• _Work instruction_: As you reproduce every line below, keep it exactly as written and leave out the images.

• _Recorded information_:

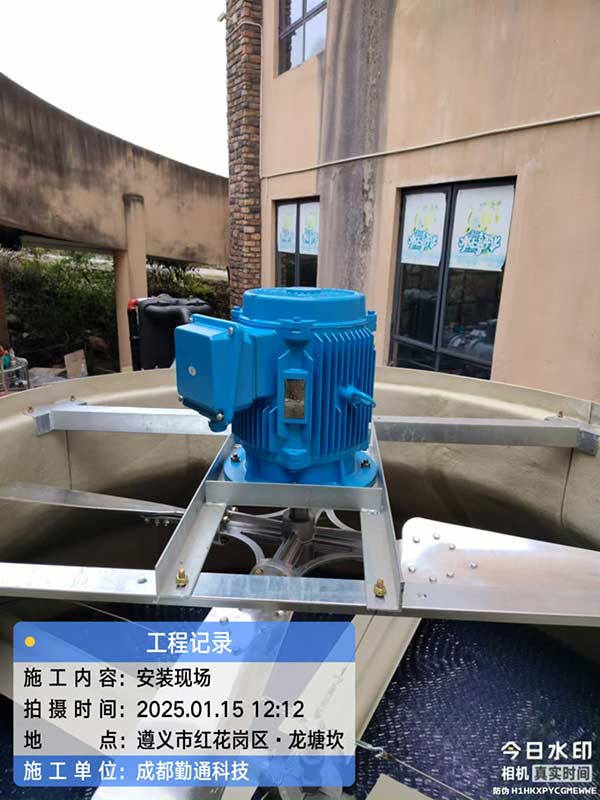 贵州遵义200T 圆形玻璃钢冷却塔安装现场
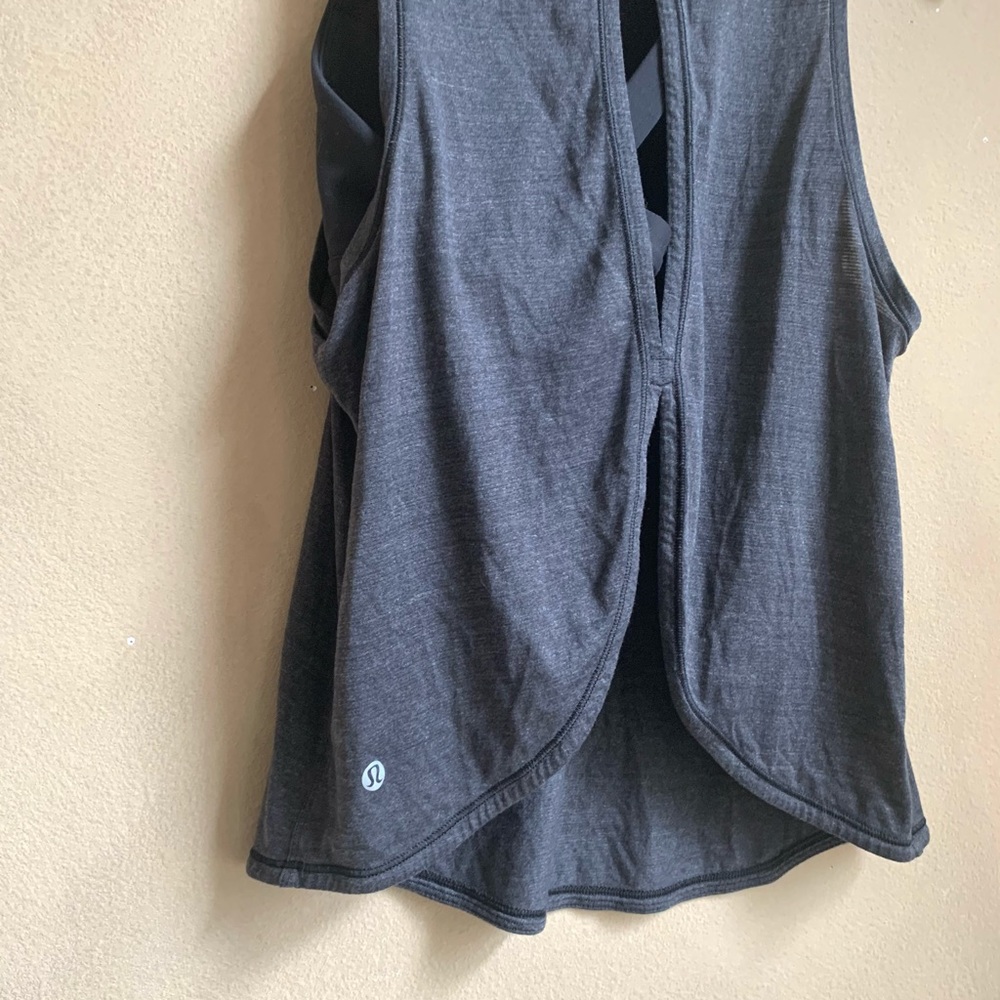 EUC✨Lululemon Built In Bra Top - Picture 6 of 12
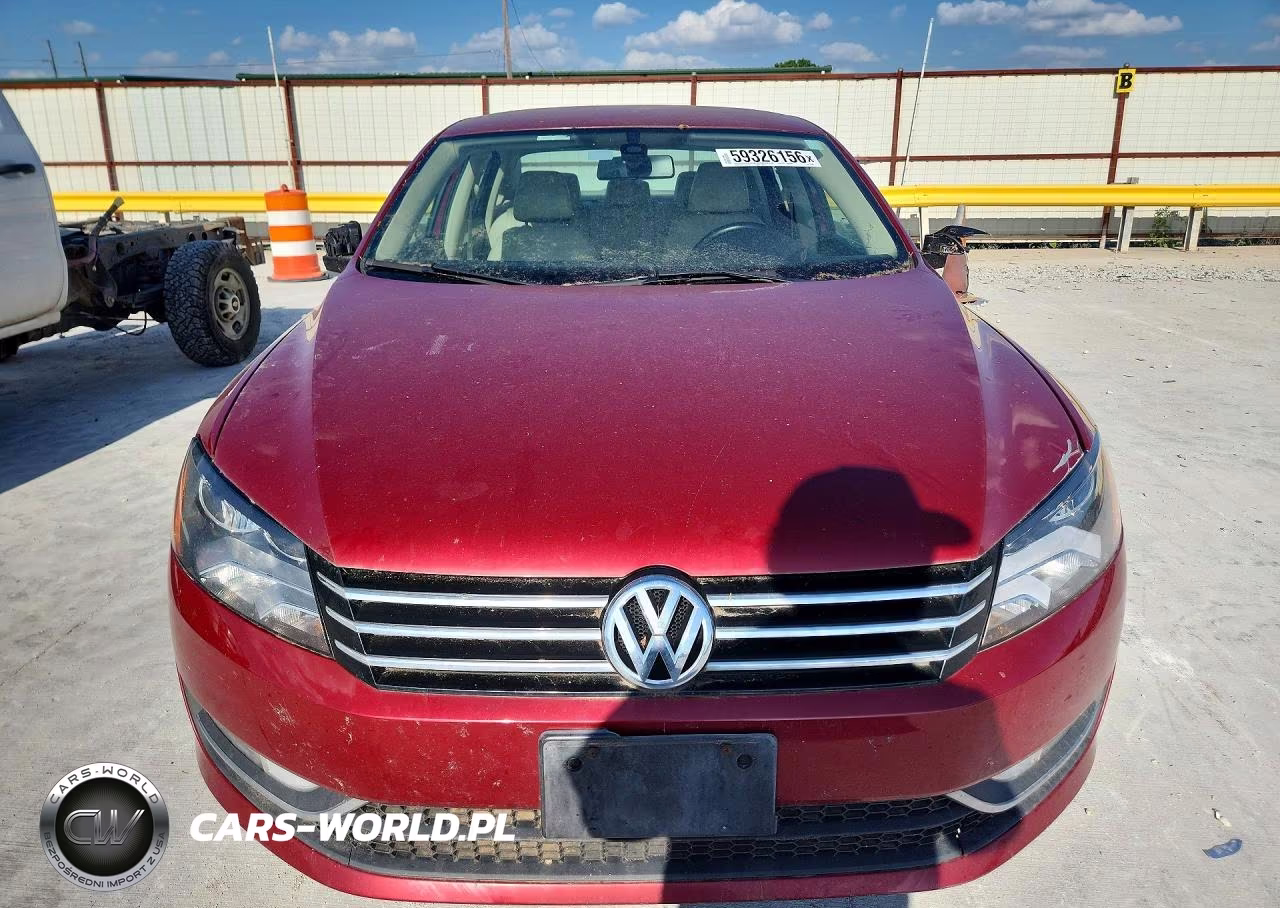 2015 Volkswagen Passat S VIN:1VWAS7A37FC122407 - 5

• _Task response_:
 贵州遵义200T 圆形玻璃钢冷却塔安装现场
 EUC✨Lululemon Built In Bra Top - Picture 6 of 12
 2015 Volkswagen Passat S VIN:1VWAS7A37FC122407 - 5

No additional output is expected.